■ Data ■
◇ ◇ ◇ ◇ ◇ ◇ ◇

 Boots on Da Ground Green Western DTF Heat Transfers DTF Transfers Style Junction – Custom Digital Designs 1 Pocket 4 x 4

◇ ◇ ◇ ◇ ◇ ◇ ◇

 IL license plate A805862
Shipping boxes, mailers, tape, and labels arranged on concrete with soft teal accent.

◇ ◇ ◇ ◇ ◇ ◇ ◇

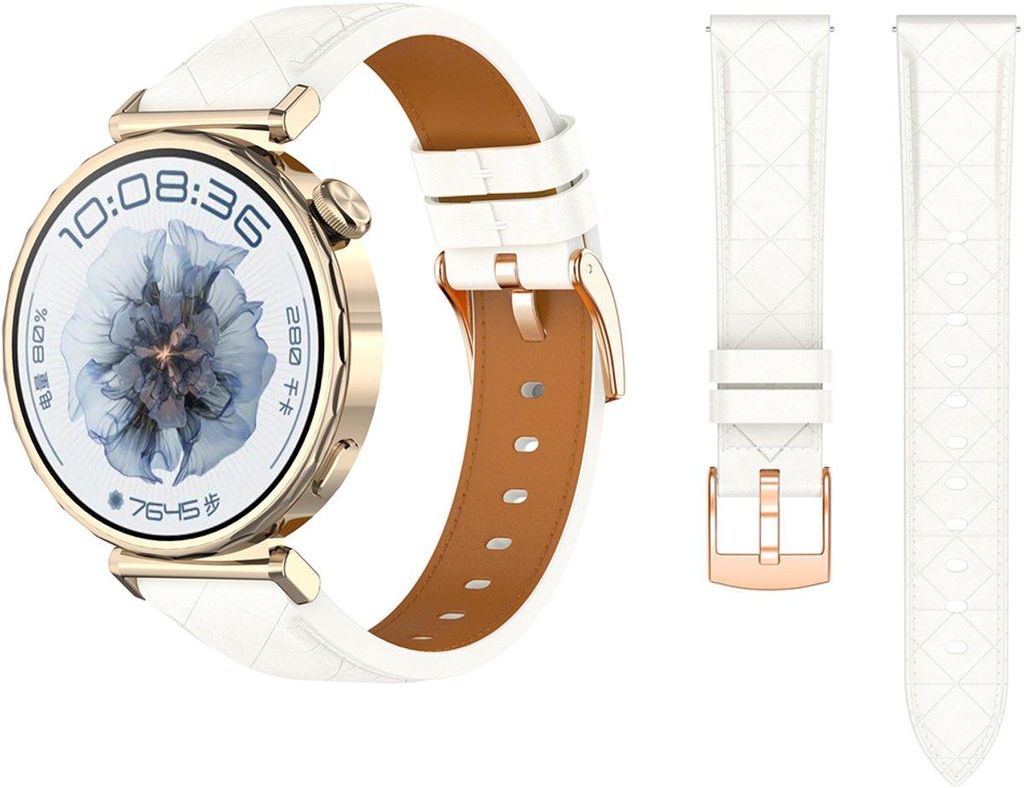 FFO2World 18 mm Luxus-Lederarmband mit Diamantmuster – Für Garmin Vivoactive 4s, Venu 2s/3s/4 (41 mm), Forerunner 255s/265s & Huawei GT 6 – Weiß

◇ ◇ ◇ ◇ ◇ ◇ ◇

Everything above from the line containing "IL license plate A805862" through the line containing "Shipping boxes, mailers, tape, and" must be copied exactly. Nothing outside that range belongs in the answer.

 IL license plate A805862
Shipping boxes, mailers, tape, and labels arranged on concrete with soft teal accent.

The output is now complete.